But my heart is heavy with grief, for evil still prevails and treachery is everywhere.
17
 Terror and the captivity of hell are still your lot, O men of the world.
18
 When you flee in terror, you will fall into a pit, and if you escape from the pit, you will step into a trap, for destruction falls from the heavens upon you; the world is shaken beneath you.
19
 The earth has broken down in utter collapse; everything is lost, abandoned, and confused.
20
 The world staggers like a drunkard; it shakes like a tent in a storm. It falls and will not rise again, for the sins of the earth are very great.

21
 On that day the Lord will punish the fallen angels in the heavens and the proud rulers of the nations on earth.
22
 They will be rounded up like prisoners and imprisoned in a dungeon until they are tried and condemned.
23
 Then the Lord of heaven’s armies will mount his throne in Zion and rule gloriously in Jerusalem, in the sight of all the elders of his people. Such glory there will be that all the brightness of the sun and moon will seem to fade away.

Galatians 2:17–3:9

But what if we trust Christ to save us and then find that we are wrong and that we cannot be saved without being circumcised and obeying all the other Jewish laws? Wouldn’t we need to say that faith in Christ had ruined us? God forbid that anyone should dare to think such things about our Lord.
18
 Rather, we are sinners if we start rebuilding the old systems I have been destroying of trying to be saved by keeping Jewish laws,
19
 for it was through reading the Scripture that I came to realize that I could never find God’s favor by trying—and failing—to obey the laws. I came to realize that acceptance with God comes by believing in Christ.
*

20
 I have been crucified with Christ: and I myself no longer live, but Christ lives in me. And the real life I now have within this body is a result of my trusting in the Son of God, who loved me and gave himself for me.
21
 I am not one of those who treats Christ’s death as meaningless. For if we could be saved by keeping Jewish laws, then there was no need for Christ to die.

3:
1
 Oh, foolish Galatians! What magician has hypnotized you and cast an evil spell upon you? For you used to see the meaning of Jesus Christ’s death as clearly as though I had waved a placard before you with a picture on it of Christ dying on the cross.
2
 Let me ask you this one question: Did you receive the Holy Spirit by trying to keep the Jewish laws? Of course not, for the Holy Spirit came upon you only after you heard about Christ and trusted him to save you.
3
 Then have you gone completely crazy? For if trying to obey the Jewish laws never gave you spiritual life in the first place, why do you think that trying to obey them now will make you stronger Christians?
4
 You have suffered so much for the Gospel. Now are you going to just throw it all overboard? I can hardly believe it!

5
 I ask you again, does God give you the power of the Holy Spirit and work miracles among you as a result of your trying to obey the Jewish laws? No, of course not. It is when you believe in Christ and fully trust him.

6
 Abraham had the same experience—God declared him fit for heaven only because he believed God’s promises.
7
 You can see from this that the real children of Abraham are all the men of faith who truly trust in God.

8-9
 What’s more, the Scriptures looked forward to this time when God would save the Gentiles also, through their faith. God told Abraham about this long ago when he said, “I will bless those in every nation who trust in me as you do.” And so it is: all who trust in Christ share the same blessing Abraham received.

Psalm 60:1-12

Written by David at the time he was at war with Syria, with the outcome still uncertain; this was when Joab, captain of his forces, slaughtered twelve thousand men of Edom in Salt Valley.

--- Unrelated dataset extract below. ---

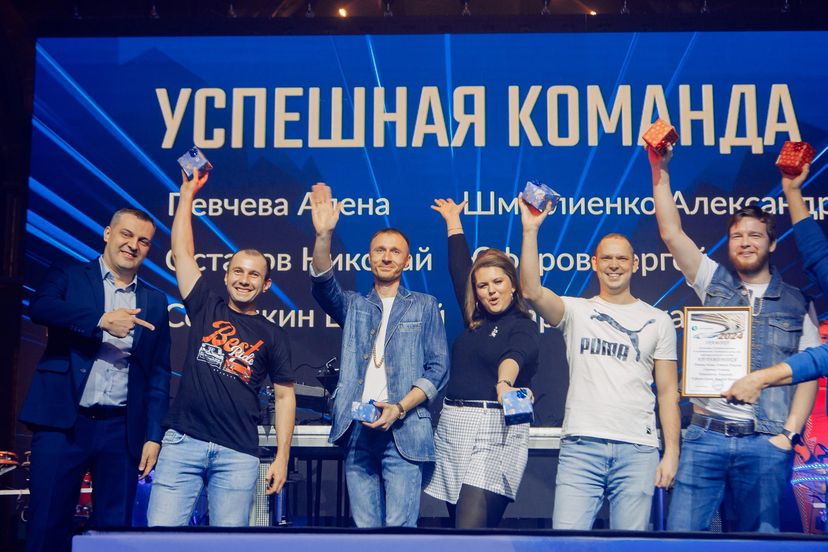 Корпоративы — фотограф Павел Ветер, Санкт-Петербург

O God, you have rejected us and broken our defenses; you have become angry and deserted us. Lord, restore us again to your favor.
2
 You have caused this nation to tremble in fear; you have torn it apart. Lord, heal it now, for it is shaken to its depths.
3
 You have been very hard on us and made us reel beneath your blows.

4-5
 But you have given us a banner to rally to; all who love truth will rally to it;
*
then you can deliver your beloved people. Use your strong right arm to rescue us.
6-7
 God has promised to help us. He has vowed it by his holiness! No wonder I exult! “Shechem, Succoth, Gilead, Manasseh—still are mine!” he says. “Judah shall continue to produce kings, and Ephraim great warriors.
8
 Moab shall become my lowly servant, and Edom my slave. And I will shout in triumph over the Philistines.”

9-10
 Who will bring me in triumph into Edom’s strong cities? God will! He who cast us off! He who abandoned us to our foes!
11
 Yes, Lord, help us against our enemies, for man’s help is useless.

12
 With God’s help we shall do mighty things, for he will trample down our foes.